Combinatorics – Number of Surjective Functions from a Set with $m$ Elements onto a Set with $n$ Elements

combinationscombinatoricsfunctionspermutations

I was trying to calculate the number of surjective (onto) functions from A to B.
Let a set $A$ contain $m$ elements and another set $B$ contain $n$ element i.e.
$$|A|=m, \quad |B|=n.$$
Now, if $n>m$, no. of onto functions is $0$.
When $m \ge n$,
since there should be no unrelated element in B, let us relate first n elements of a A to B,so that all elements of B gets related.
Hence total possibility for first n elements of A( which actually contain m elements ) is
$$n!$$
Now the remaining $m-n$ elements in $A$ can be related to any of the $n$ elements of $B$. Hence the total possibility of the remaining $m-n$ elements of $B$ is
$$n^{m-n}$$
Therefore total number of surjective function is$$n!*n^{m-n}$$
Is anything wrong in this calculation ?If its wrong ,can anyone suggest correct method with proof.

Best Answer

In general computing the number of surjections between finite sets is difficult.
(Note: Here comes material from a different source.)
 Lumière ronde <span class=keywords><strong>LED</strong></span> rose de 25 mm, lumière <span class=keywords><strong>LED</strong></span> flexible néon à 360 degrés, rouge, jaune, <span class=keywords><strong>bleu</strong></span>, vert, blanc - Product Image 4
Your procedure for obtaining the figure of $n! \cdot n^{m-n}$ is overcounting, and also erroneous for another reason.

  • It is overcounting beacuse you are specifying an ordered pair of functions (one bijective, one arbitrary) which piece together to form a surjection $A \to B$, but in general there are many ways of breaking up a surjection into a bijection and an arbitrary function.
  • It is additionally erroneous because part of your procedure involves 'the first $n$ elements' of $A$, which means you've picked a distinguished subset of $A$ of size $n$. There are $\binom{m}{n}$ ways of doing this, so your procedure should in fact yield $\binom{m}{n} \cdot n! \cdot n^{m-n}$. But it's still overcounting: it counts the number of ordered triples $(A',f,g)$, where $A' \subseteq A$ is a subset with $n$ elements, $f : A' \to B$ is a bijection and $g : A \setminus A' \to B$ is an arbitrary function.

Even computing the number of surjections $A \to B$ when $n(A)=m$ and $n(B)=3$ is pretty tricky. There are $3^m - 3 \cdot 2^m + 3$ of them (see here, for instance).

If I recall correctly, there is no known closed form expression for the number of surjections from a set of size $m$ to a set of size $n$.